Quino dejó de dibujar a Mafalda, lo suyo, lo genuino, lo que todo el mundo encontró como propio, en 1973. Se lo pensó durante tres años, como si se tratara de un divorcio. Su mujer le empujaba para que diera fin a un trabajo diario que le ataba a una disciplina que no había manera de romper. Los Lavado no podían ir al teatro, ni al cine, ni a cenar con amigos, porque Quino, cada día, debía dedicar cinco horas a realizar sus dibujos y llevarlos a la redacción del diario donde se publicaban. Por supuesto, hacer un viaje era una auténtica utopía. Este estado de cosas coincidió con un cansancio de Quino respecto a los personajes, sobre todo a Mafalda, esa niña a la que le debía todo, sin embargo.
Hacía tiempo que sentarse ante el papel era un verdadero martirio; se repetía, la imaginación no respondía, y empezó a tomarle manía al personaje. Aunque Quino, que es consciente de su deuda sentimental con Mafalda, no llega a decirlo abiertamente. "Bueno, mi relación con ella", dice, después de insistirle mucho, "es la misma que tendría un fabricante de sillas con una silla que hubiera estado fabricando durante 10 años y que desea cambiar. Sólo eso".
Y, sin embargo, Mafalda fue una revolución del comic. Cuando a Julio Cortázar le preguntaron qué pensaba de Mafalda, el escritor contestó: "Bueno, me parece más interesante saber lo que Mafalda piensa de mí". Así era ella. Incorruptible, inapelable, seca y certera. Y con ese carácter interpelaba sobre la guerra de Vietnam, los derechos humanos o las injusticias de la sociedad que le dieron sentido. ¿Es Mafalda como una niña revieja? "Sí, creo que sí", dice Quino. Mientras, tienes la sensación de que no le gusta seguir hablando de un personaje que le ha comido vivo, porque haga lo que haga siempre le preguntarán por ella; aunque él desee hablar de su otro trabajo, las tiras de humor que nunca ha dejado de hacer.

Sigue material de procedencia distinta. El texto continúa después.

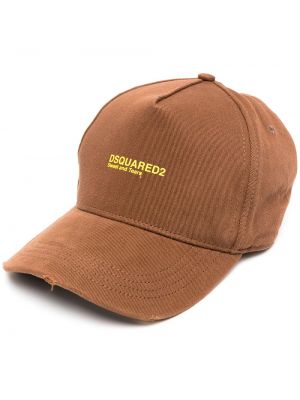 Brodert cap Dsquared2 brun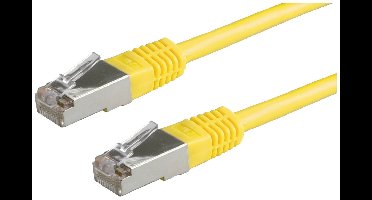 ROLINE patchkabel Cat.5e (Klasse D) SF/UTP, geel, 1 m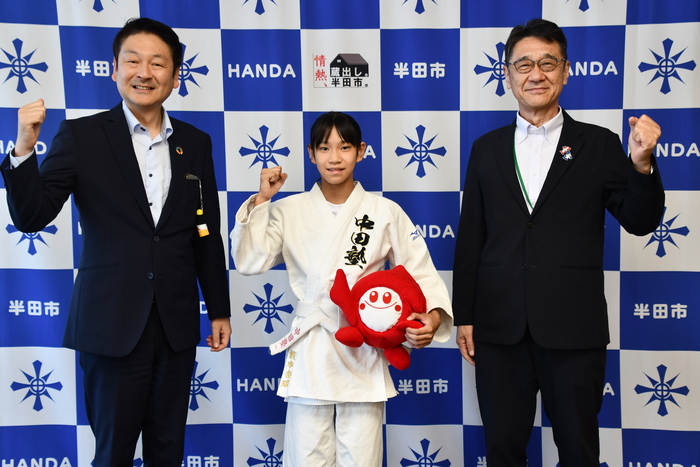 表敬訪問(柔道)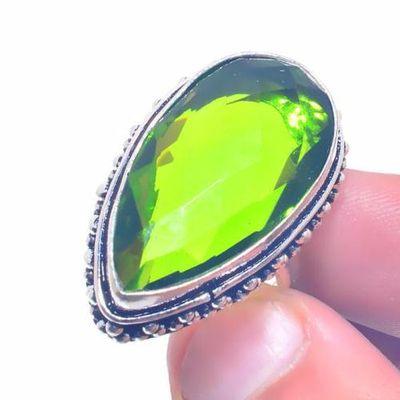 Per 693a bague chevaliere peridot t56 13gr 15x28mm achat vente bijou ethnique argent 925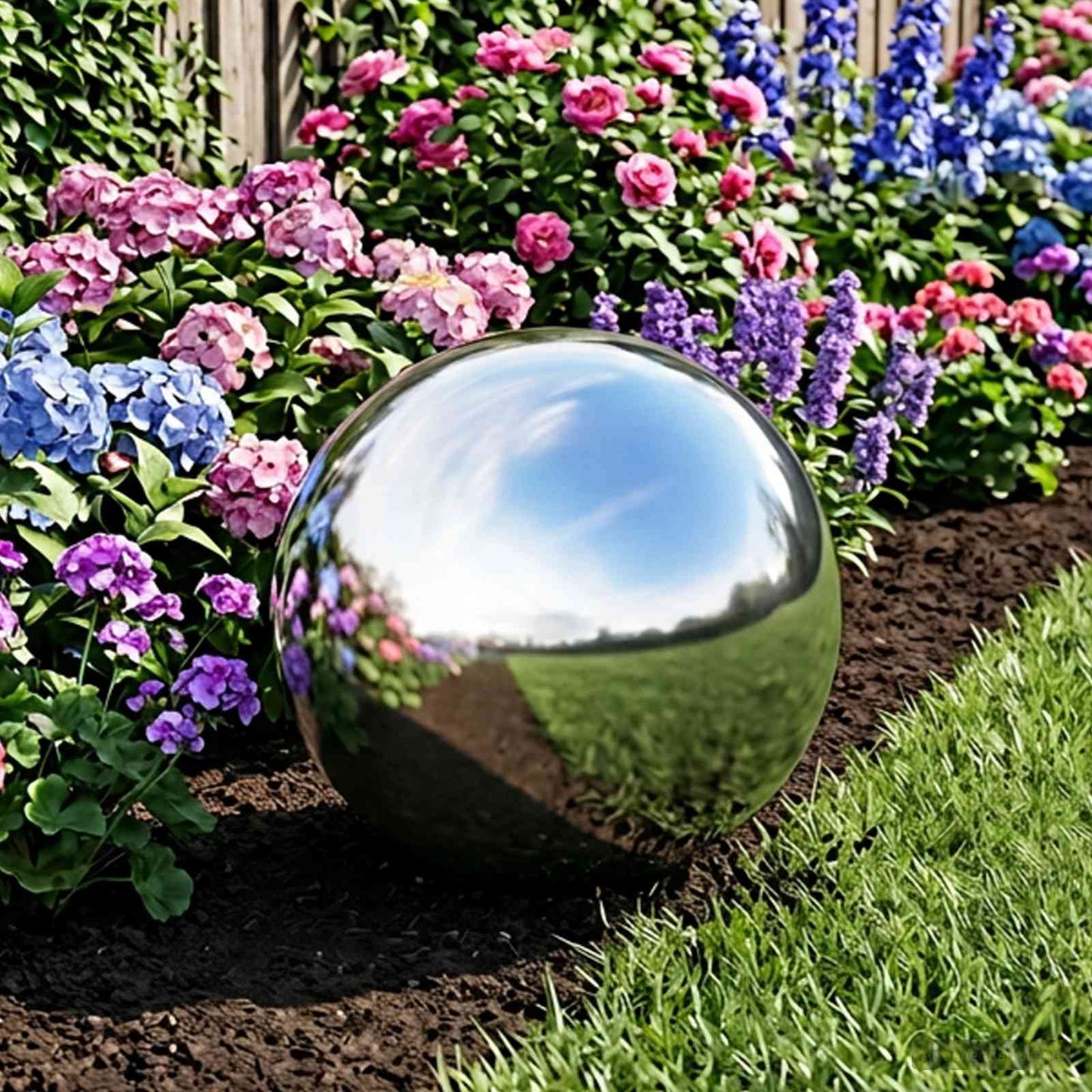 Mirror Ball Ø 47 cm Silver Stainless Steel 201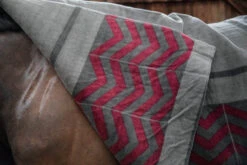 Heavy Fleece Rug Square - Grau/Bordeaux 5 Heavy Fleece Rug Square - Grau/Bordeaux -Angebote Equinestor Store KEN 52170 172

—Pero ¿realmente a usted le gustan los niños? Parece que sólo los utilizaba para poner en su boca las preguntas que se hacían los adultos de aquella época.
—Creo que los niños son más absurdos que Mafalda, más disparatados. Bueno, sin embargo, me gustan los niños. Hasta hace poco era de esos que, cuando se encuentran con un niño en el metro o en un avión, les siguen la corriente. Les dejaba que se me pegaran hasta ese extremo en que ya no hay modo de quitárselos de encima.

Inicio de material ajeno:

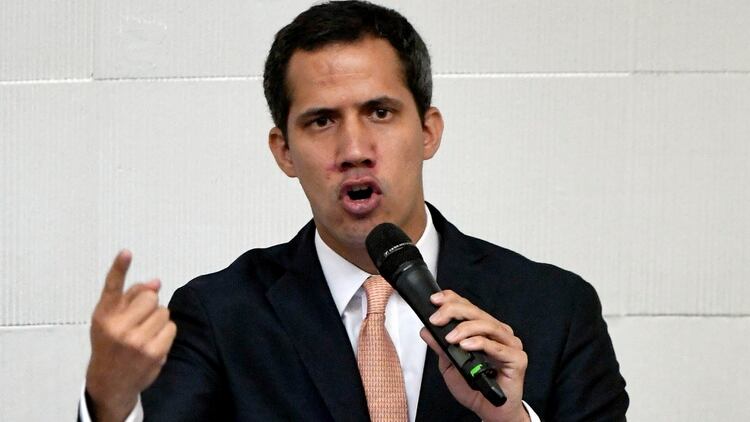 Juan GuaidÃ³, presidente interino de VenezuelaÂ (Photo by Federico PARRA / AFP)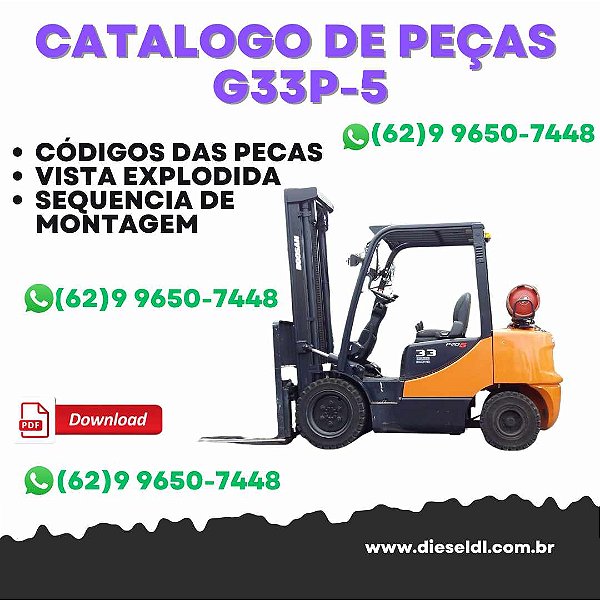 CATÁLOGO DE  PEÇAS EMPILHADEIRA G33P-5, G35C-5 DOOSAN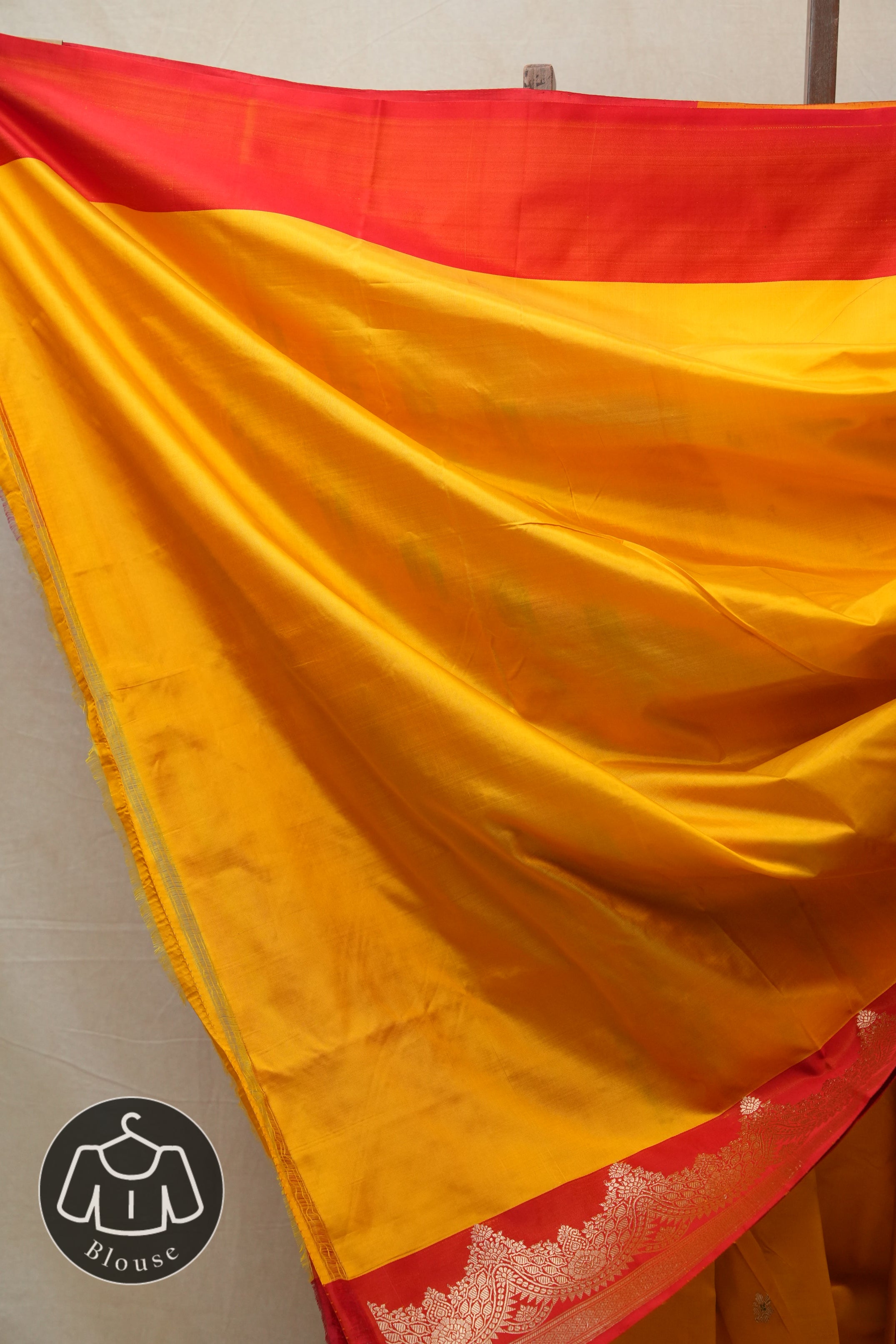 Yellow Banarasi Silk Saree - SRYSS729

Y hace un gesto de sentirse completamente abrumado. Él no ha tenido hijos para no hacerles pasar por el trago de quedarse huérfanos, dice, como a él le sucedió. Y además porque cuando se casó vivía en la habitación de servicio de la casa de sus suegros.

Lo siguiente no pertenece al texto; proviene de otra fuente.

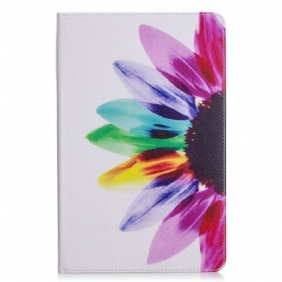 Cover voor Samsung Galaxy Tab S6 Lite Waterverf Bloem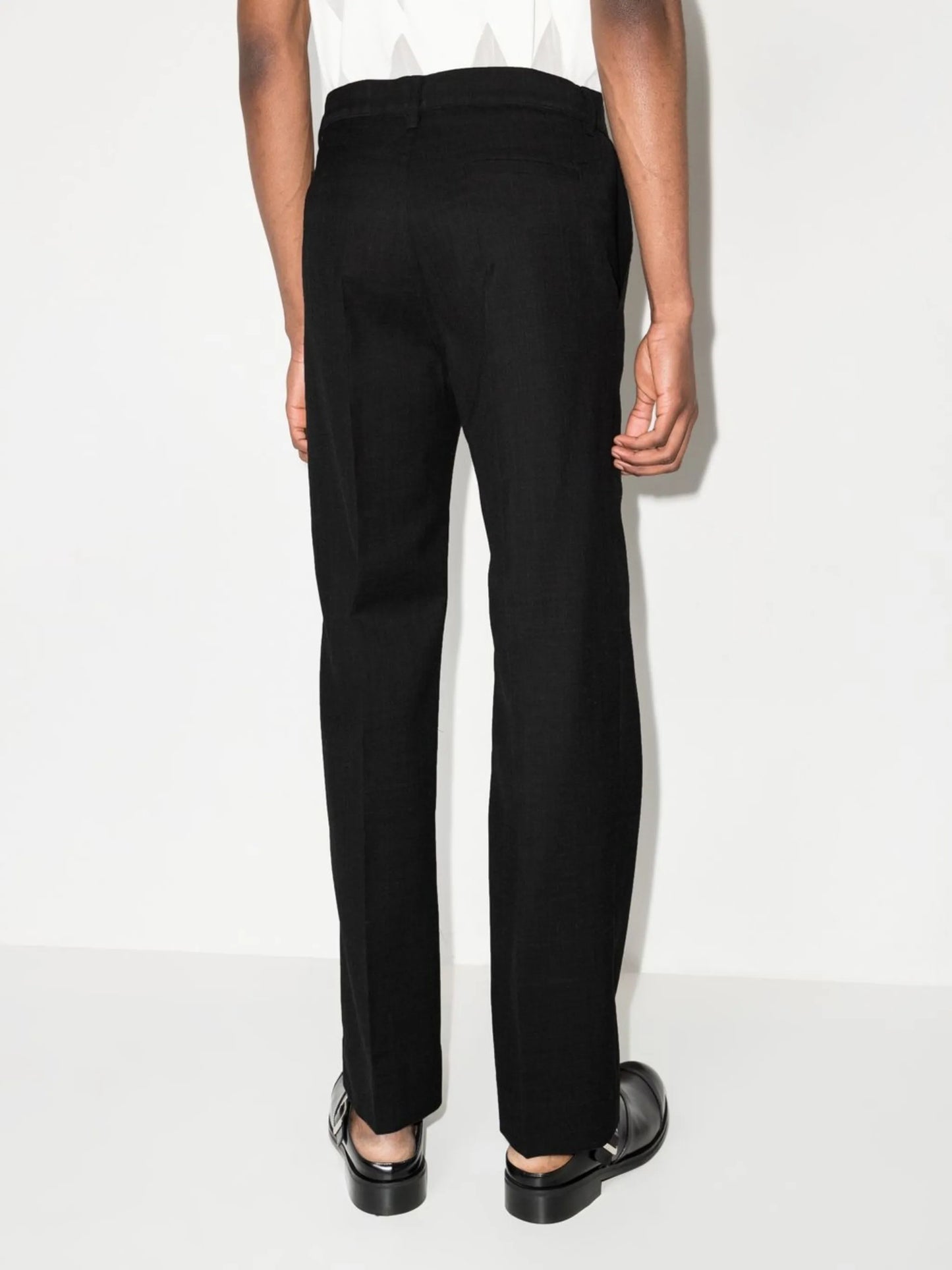 sequin-embellished straight-leg trousers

Luego, al mudarse de casa, como era pequeña y él necesita mucho espacio para su trabajo, los niños siguieron esperando. "Siempre he dibujado en casa, y no me imagino cómo se puede trabajar mientras oyes llorar a un niño o le ves corriendo alrededor de tu mesa. En fin, luego ya nos dio pereza".
En cuanto a él, cree que, si se para a pensar en el Quino niño, no se gusta mucho. Ha sido de adulto, después de los 40, cuando ha empezado a disfrutar de la vida. A saborear una película o un concierto de música. De niño era un ser retraído que se horrorizaba ante la idea de ir a una tienda a comprar un lápiz. Jugaba en el patio que había detrás de su casa, donde había un árbol a cuya sombra se cobijaba. Allí pasaba las horas siempre solo. "Cogía una mosca, le quitaba un ala, la dejaba volar para ver qué dificultades tenía. Luego le arrancaba la otra y la ponía en un hormiguero para ver cómo se la comían las hormigas. También fabricaba insecticidas mezclando productos que encontraba por la casa, y con un cuentagotas se los iba administrando para ver los efectos".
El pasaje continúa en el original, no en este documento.